I’ve been asked to give a presentation this coming Wednesday at the Autumn National and 40th Anniversary gathering of the Automated Customs and International Trade Association in London. In preparing for it, I’ve been digging through my archives—and in doing so, I stumbled upon a splendid piece of nonsense from 2006, courtesy of Dawn Primarolo MP, then Paymaster General in the Labour Government.


Dawn Primarolo was responding to questions in an adjournment debate in the run up to Christmas that year, concerning the Channel Islands mail-order VAT avoidance industry. The backdrop to this was Gordon Brown’s infamous interview with a men’s magazine, in which he claimed to listen to the Arctic Monkeys on his iPod—though he couldn’t name a single track.

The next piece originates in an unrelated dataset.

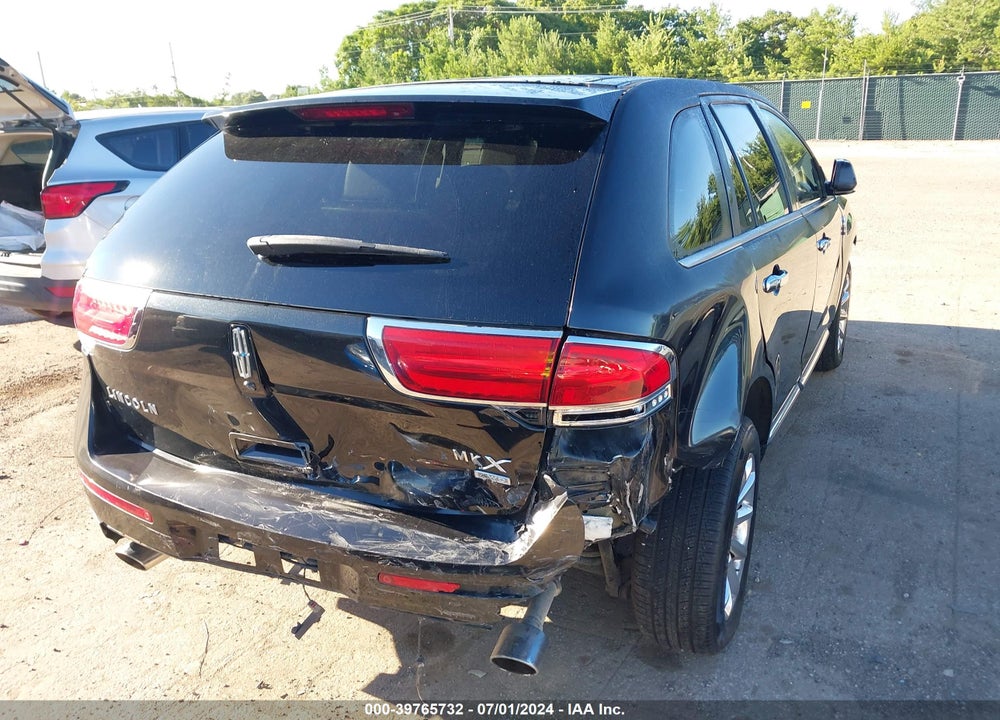 2011 LINCOLN MKX VIN: 2LMDJ8JK2BBJ13429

In the debate, Primarolo stated:


“We need to look at all aspects of the tax system and balance the costs of compliance and enforcement rules against the need to protect revenue and minimise distortions in the market. Clearly, in considering the economic link between importing CDs and retailers, the Government need to take account of the other pressures on retailing in this sector. For instance, the change in the market for audio-visual products, which is undergoing rapid structural change as consumers switch to downloading music and, increasingly, video and film over the internet. We have recently seen notable successes of young talent who have made their name exclusively via that medium.”


Every word of this is nonsense. In fact, the final sentence, which alludes to the Arctic Monkey's selling mainly downloads, is not even true!


The Arctic Monkeys’ debut album sold 363,735 physical copies - mainly on CD - in its first week of release. I dread to think how many of those sold via Jersey. Download sales were negligible by comparison. Downloads, as a format, ultimately failed to take hold—and it wasn’t until the rise of streaming that digital music began to significantly impact physical sales. Even as late as 2018, the Arctic Monkeys sold 25,000 vinyl copies of a new album in its first week, making it the fastest-selling vinyl release in 25 years.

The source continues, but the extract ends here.